== MATERIAL TO PROCESS

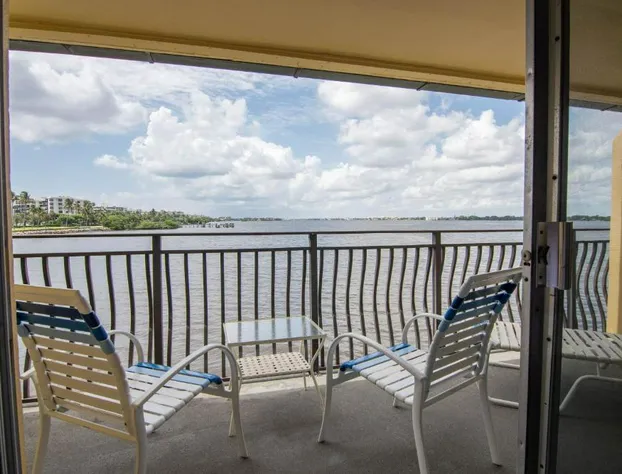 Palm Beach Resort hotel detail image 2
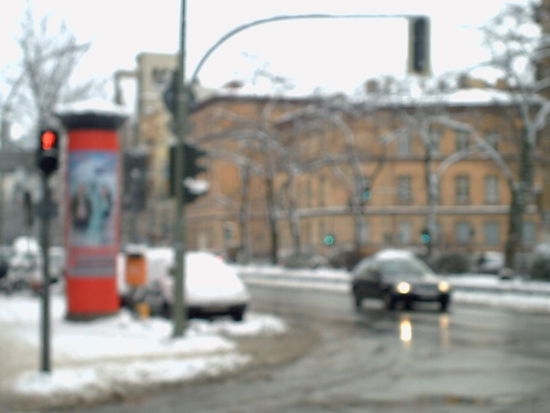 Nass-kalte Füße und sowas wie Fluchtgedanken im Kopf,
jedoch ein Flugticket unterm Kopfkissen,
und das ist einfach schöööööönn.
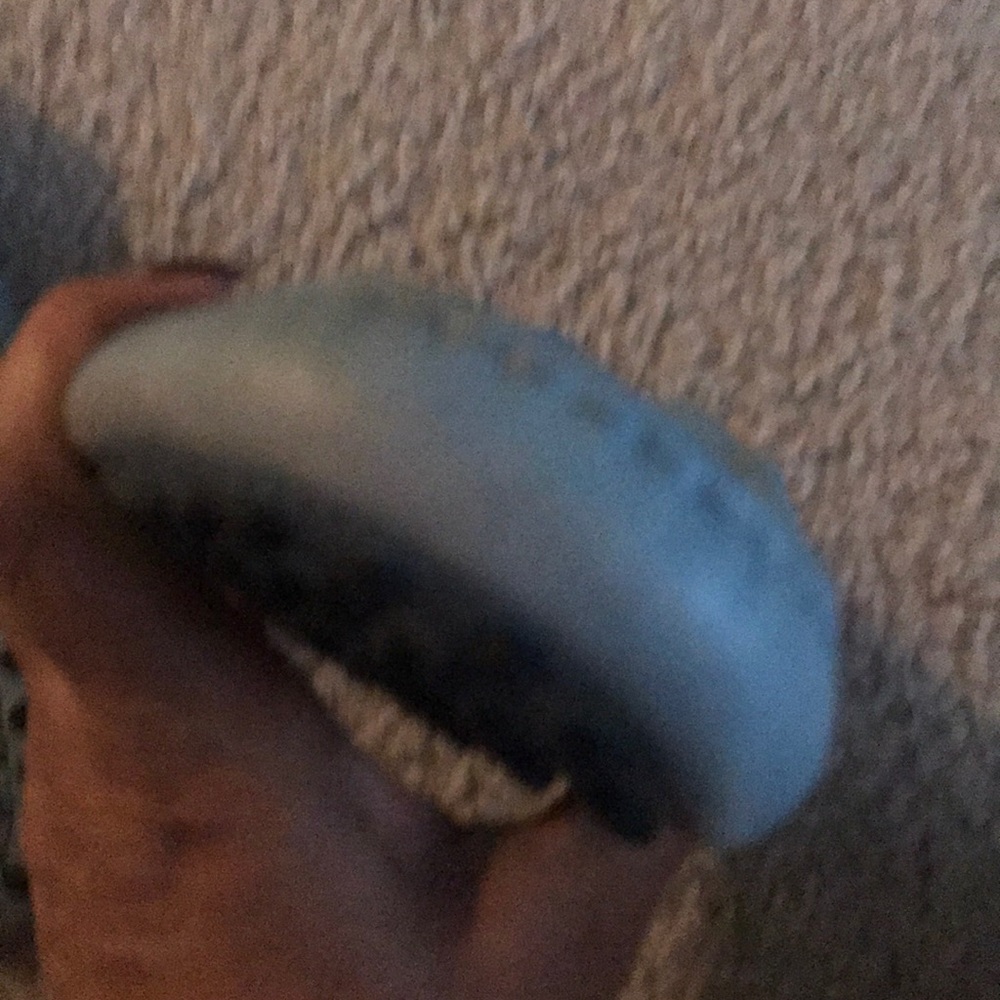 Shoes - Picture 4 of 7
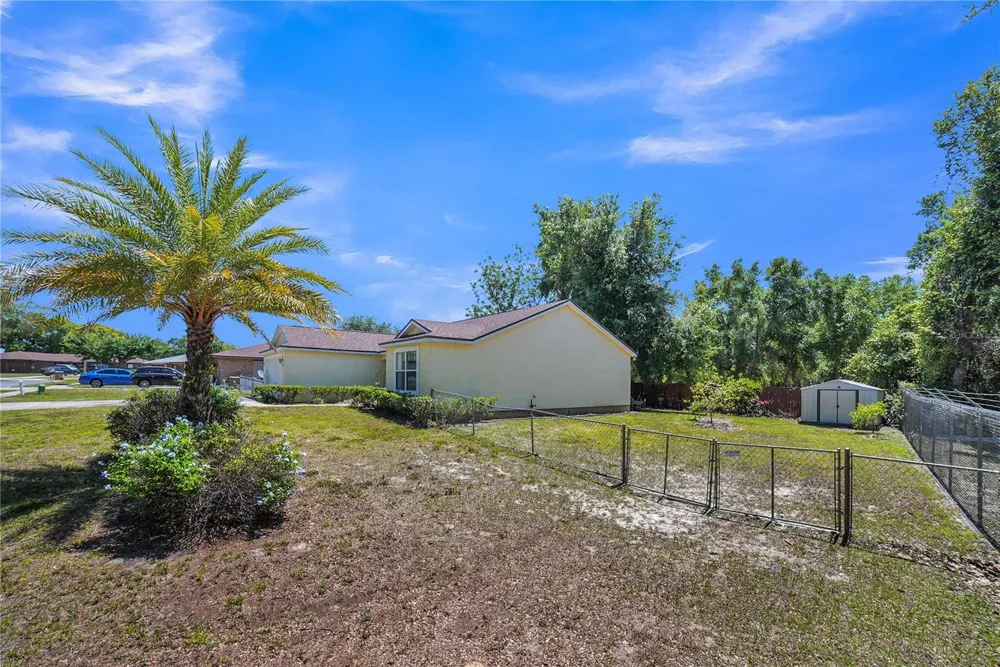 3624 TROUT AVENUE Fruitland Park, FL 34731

====
== MATERIAL TO PROCESS

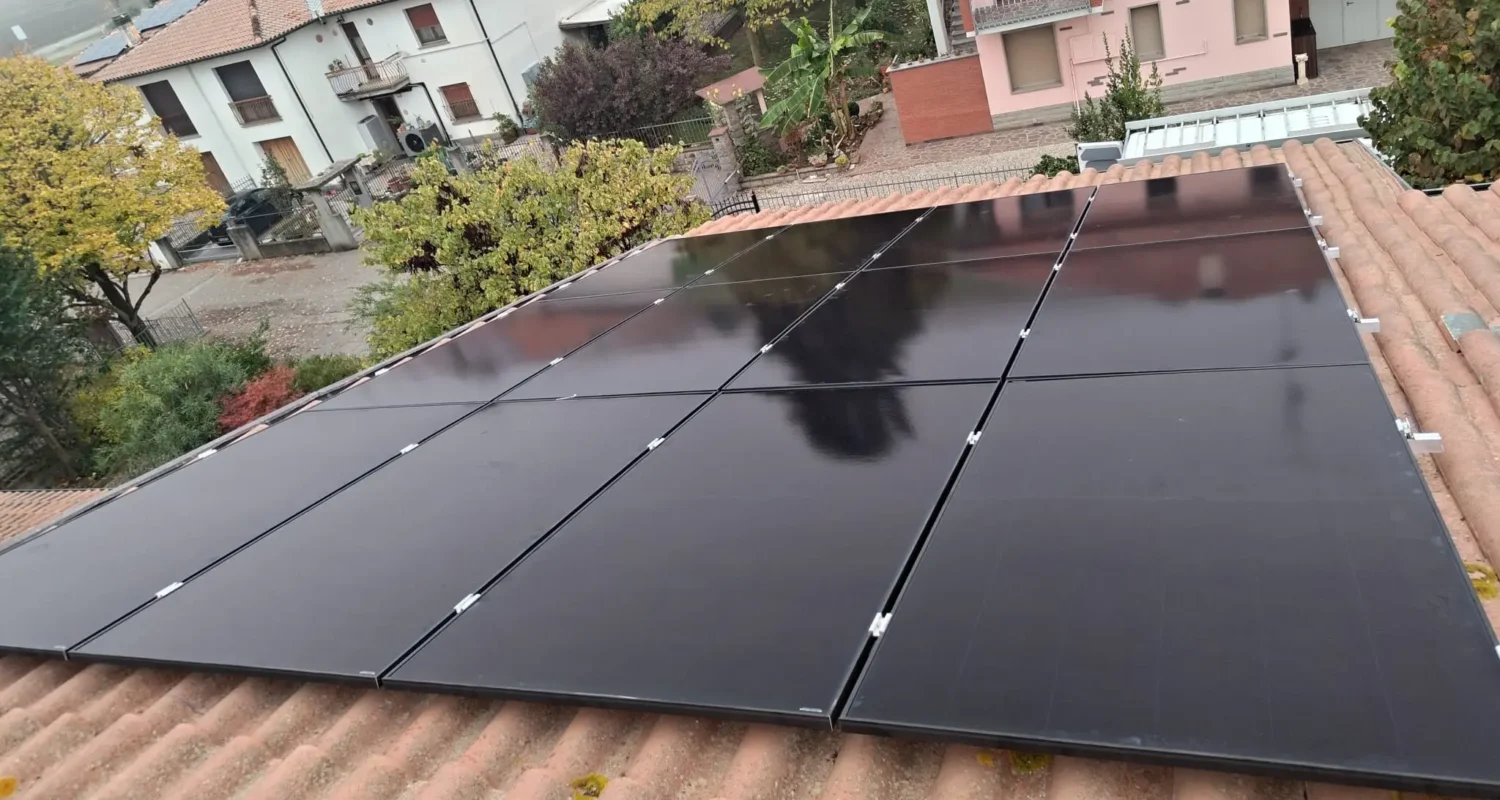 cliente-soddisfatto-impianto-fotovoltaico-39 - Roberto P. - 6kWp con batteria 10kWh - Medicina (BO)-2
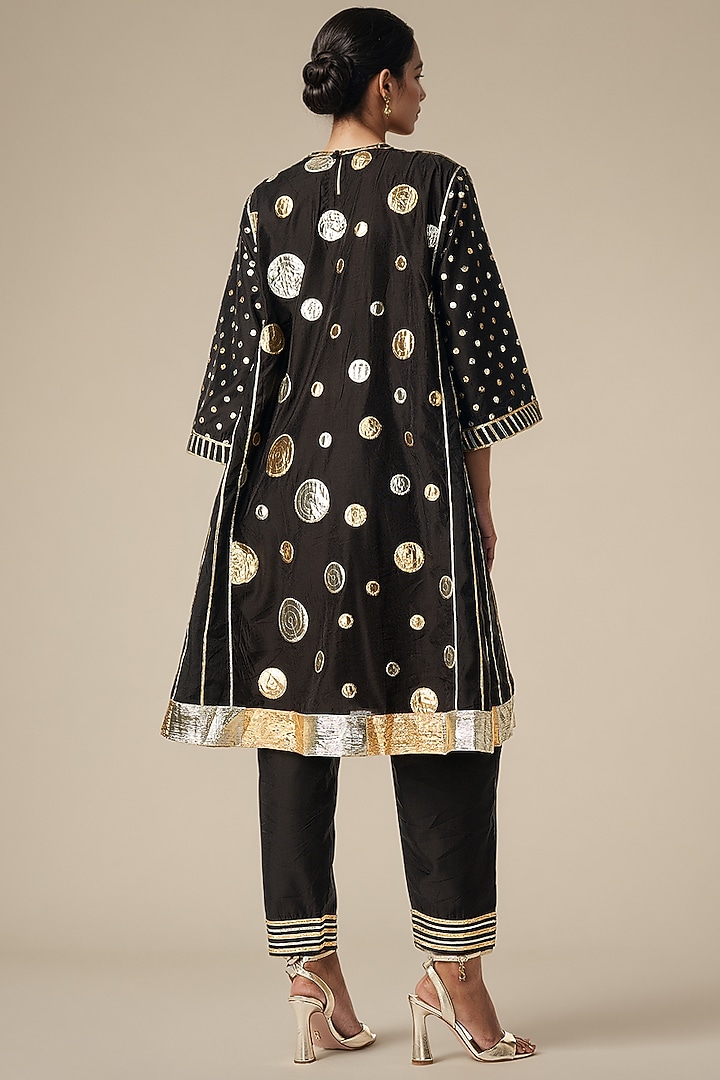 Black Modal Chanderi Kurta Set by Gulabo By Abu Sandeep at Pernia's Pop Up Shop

====
== MATERIAL TO PROCESS

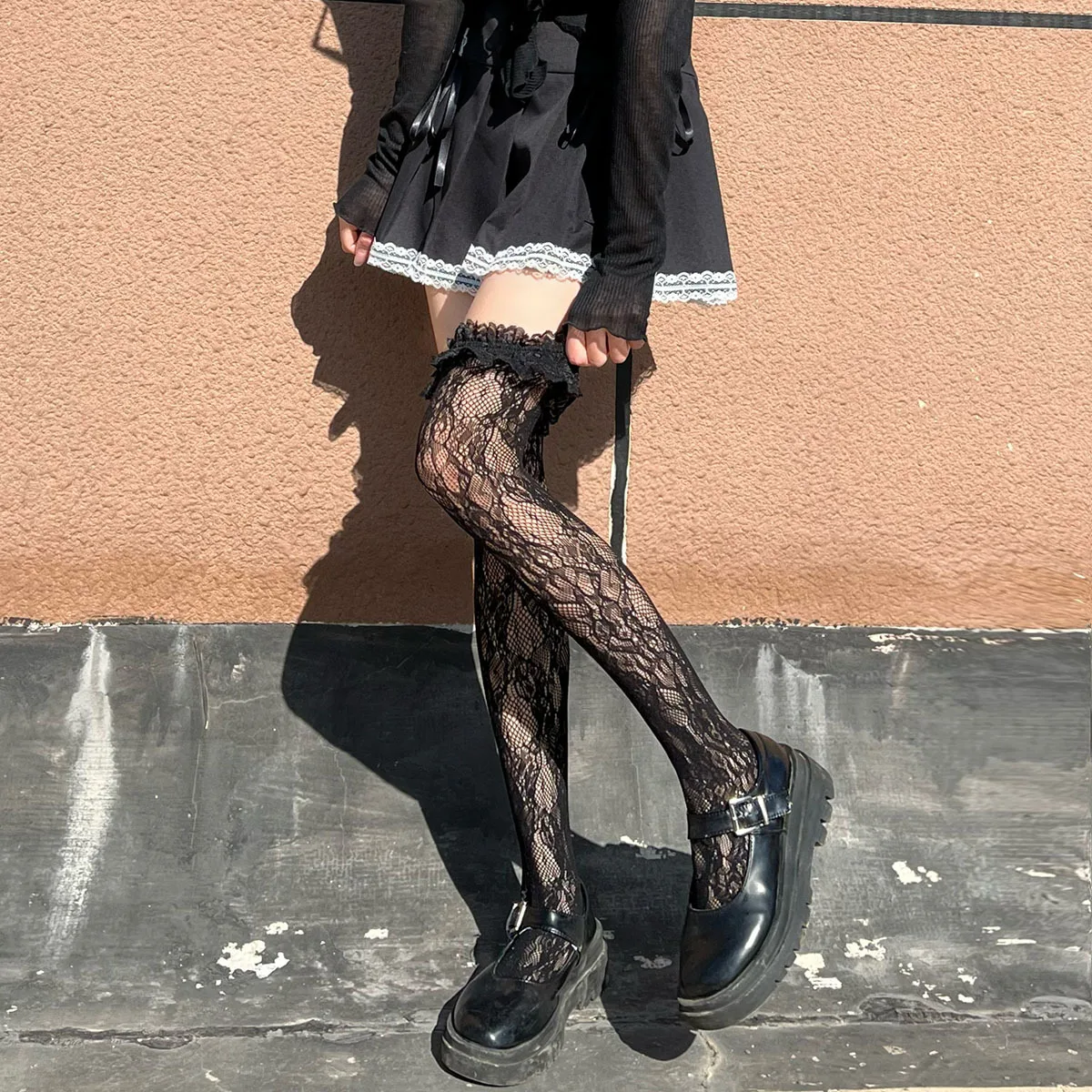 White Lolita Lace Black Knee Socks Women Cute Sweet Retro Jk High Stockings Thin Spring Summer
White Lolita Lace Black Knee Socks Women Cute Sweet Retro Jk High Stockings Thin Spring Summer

====

## YOUR INSTRUCTIONS
Beginning at the line that has "Shoes - Picture 4 of 7" and ending at the line that has "3624 TROUT AVENUE Fruitland Park, FL 34731", restate the listing above word for word, pictures left out.

## RESPONSE AREA
 Shoes - Picture 4 of 7
 3624 TROUT AVENUE Fruitland Park, FL 34731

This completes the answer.